▶ _Information provided_:
··········
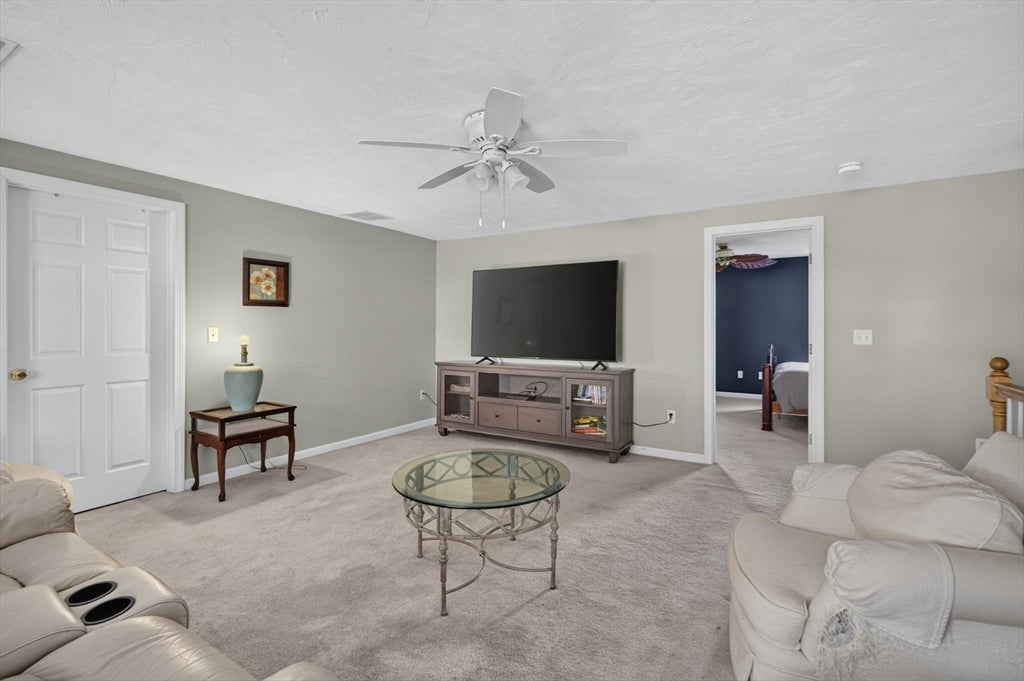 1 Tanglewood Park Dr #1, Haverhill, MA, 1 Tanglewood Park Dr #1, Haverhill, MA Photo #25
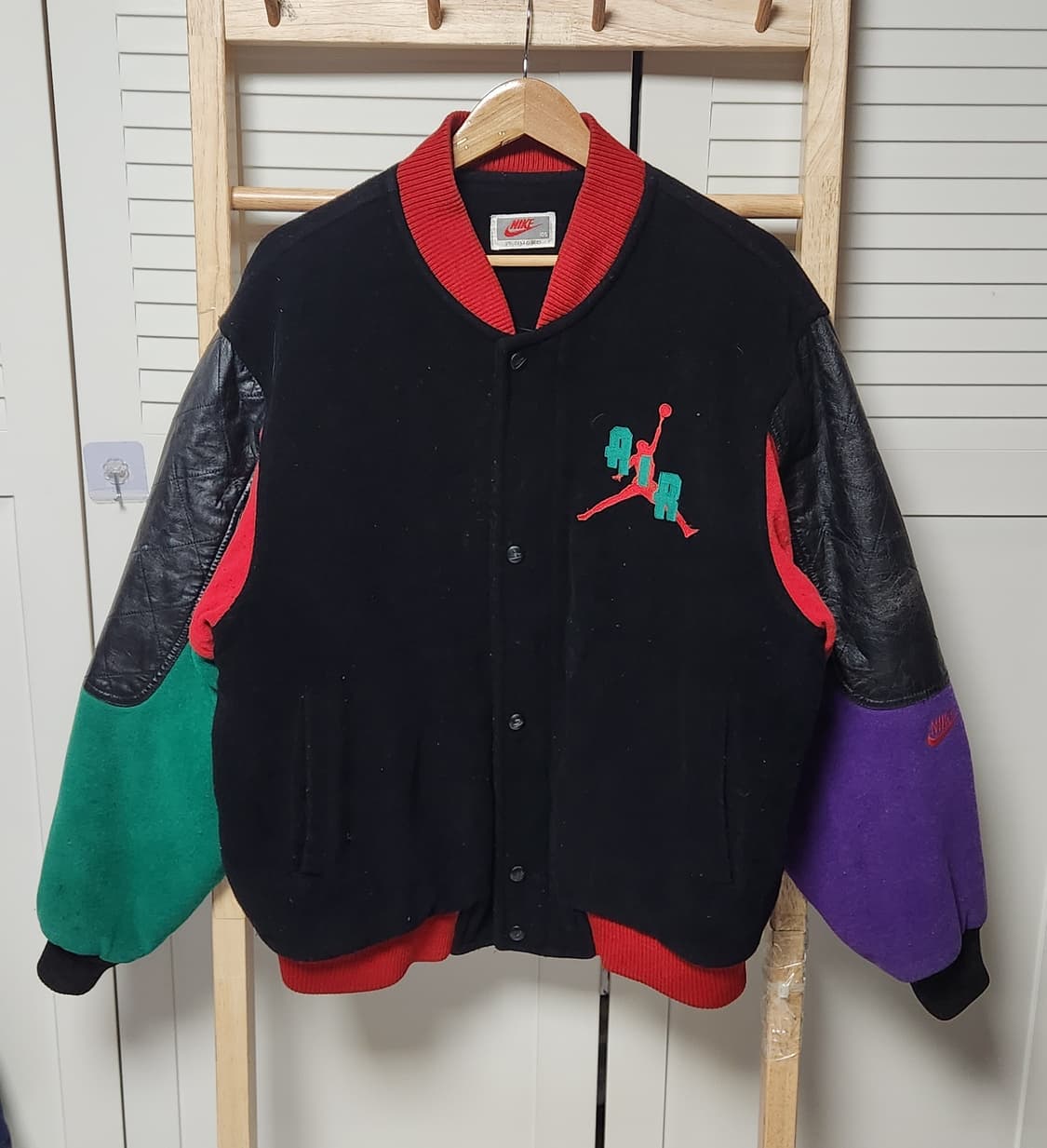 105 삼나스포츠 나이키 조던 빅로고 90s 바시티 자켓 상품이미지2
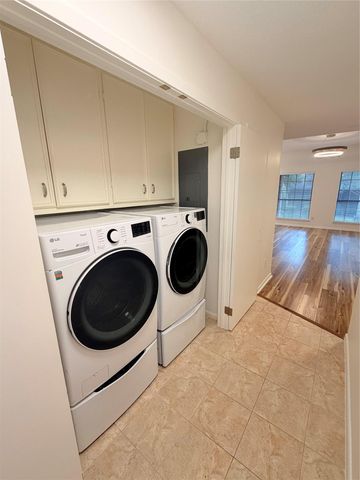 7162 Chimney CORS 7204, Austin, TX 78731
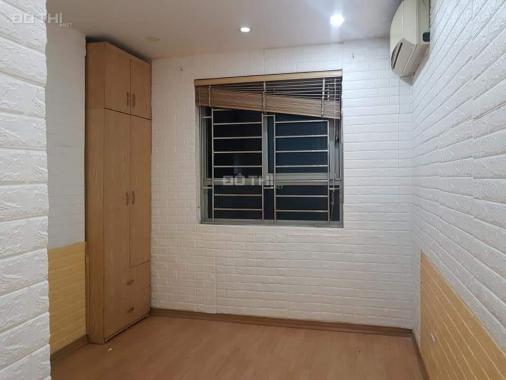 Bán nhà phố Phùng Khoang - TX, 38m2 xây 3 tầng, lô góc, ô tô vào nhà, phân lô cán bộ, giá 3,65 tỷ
··········
▶ _Assignment_:
Only the lines from the one containing "7162 Chimney CORS 7204, Austin, TX 78731" through the last line of the data belong in the copy, both included and reproduced exactly. Pictures do not.

▶ _Your response_:
 7162 Chimney CORS 7204, Austin, TX 78731
 Bán nhà phố Phùng Khoang - TX, 38m2 xây 3 tầng, lô góc, ô tô vào nhà, phân lô cán bộ, giá 3,65 tỷ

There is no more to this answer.